__Data extracted from a collection__
■ ■ ■ ■ ■ ■ ■

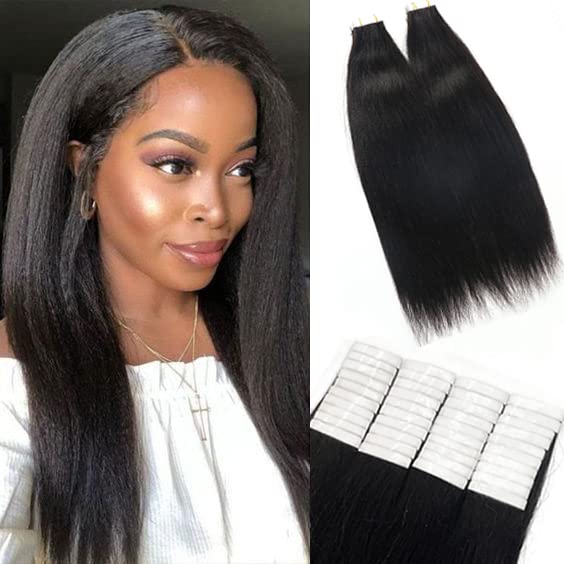 100G 40PCS Tape in Hair Extensions Yaki Straight Human Hair Black Women Invisible Tape ins Real Hair Glue in Adhesive Hair Extensions Double Sided Seamless 12Inch Real Virgin Remy Brazilian Human Hair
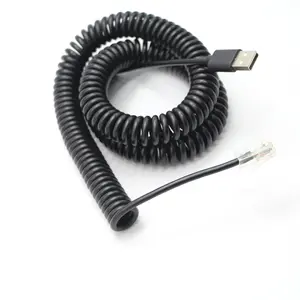 Custom cable USB to RJ9 6P4C 6P2C 4P2C Telephone Network ethernet patch cord Stretchy Spring Coiled cable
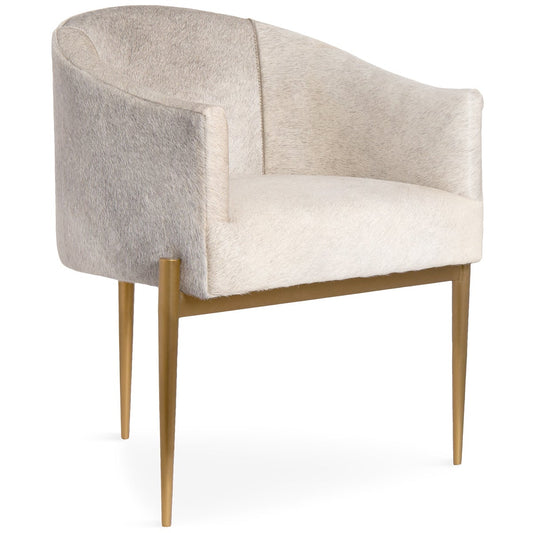 Art Deco Dining Chair in Champagne Cowhide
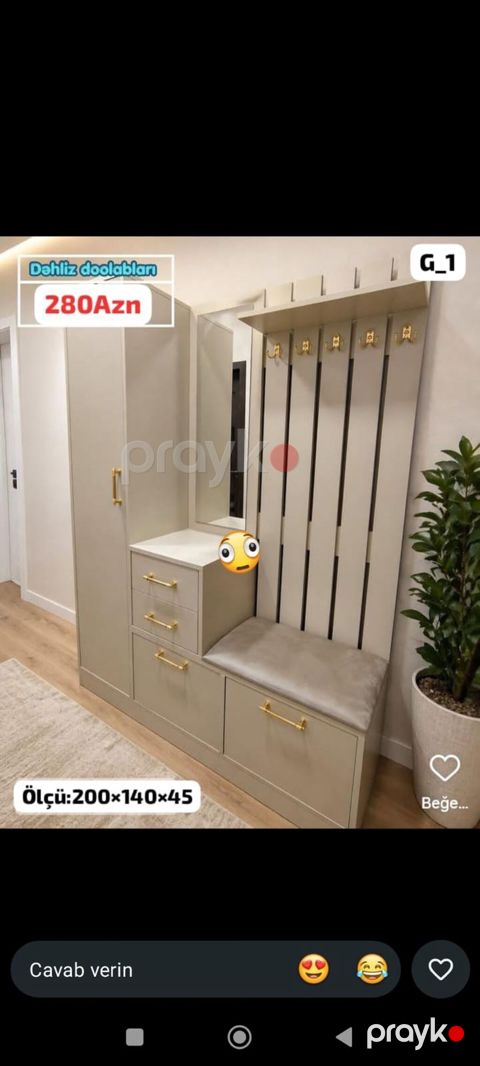 Dəhliz mebeli dəsti - Ölçü: 200×140×45 sm - Rəng: açıq bej/boz — Bakı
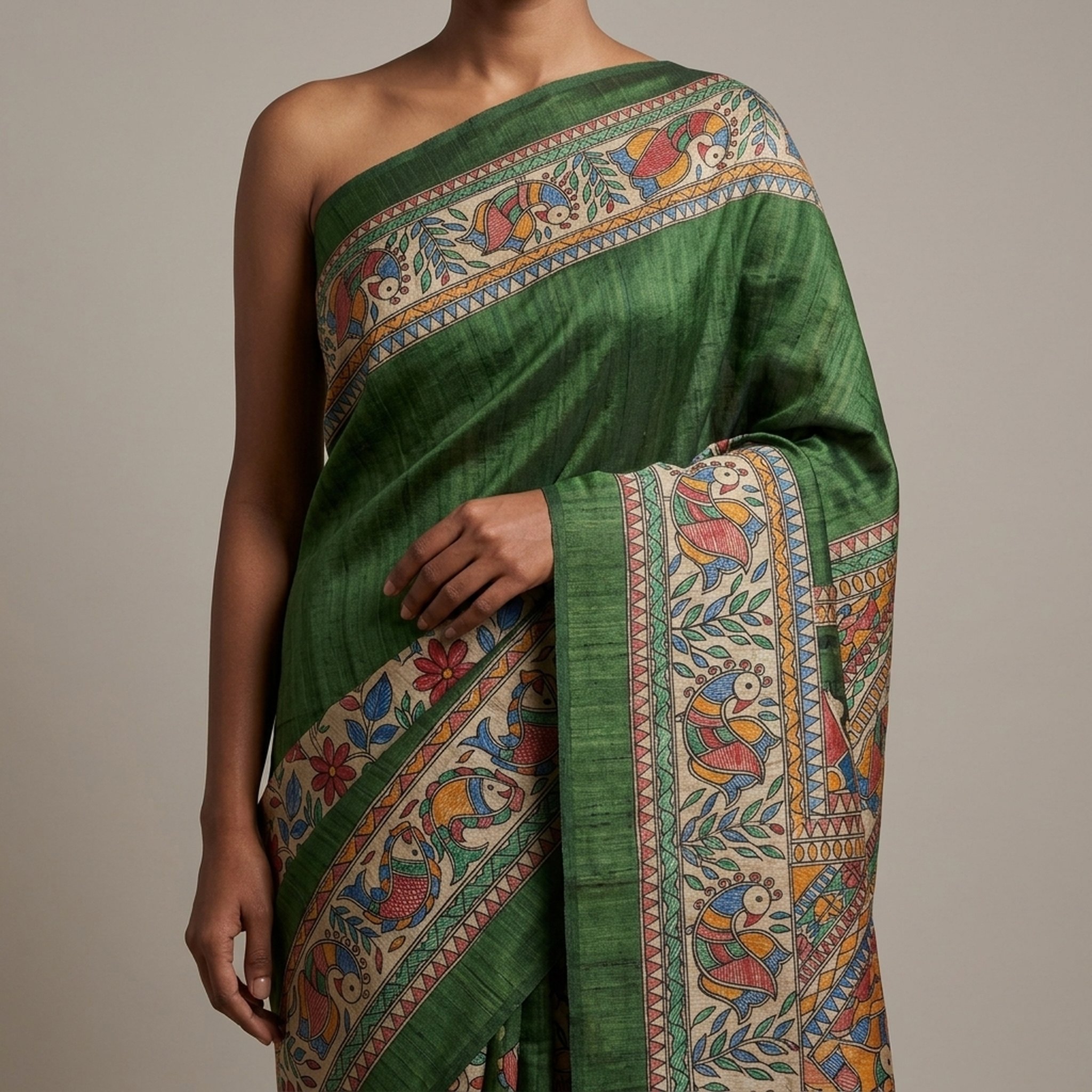 Noopur Clothing Green Handpainted Tussar Silk Saree 2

■ ■ ■ ■ ■ ■ ■

__Task prompt__
Print, please, exactly the lines from the one holding "Art Deco Dining Chair in Champagne Cowhide" through the final line of the data, both included, while leaving out each picture.

__Finished task__
 Art Deco Dining Chair in Champagne Cowhide
 Dəhliz mebeli dəsti - Ölçü: 200×140×45 sm - Rəng: açıq bej/boz — Bakı
 Noopur Clothing Green Handpainted Tussar Silk Saree 2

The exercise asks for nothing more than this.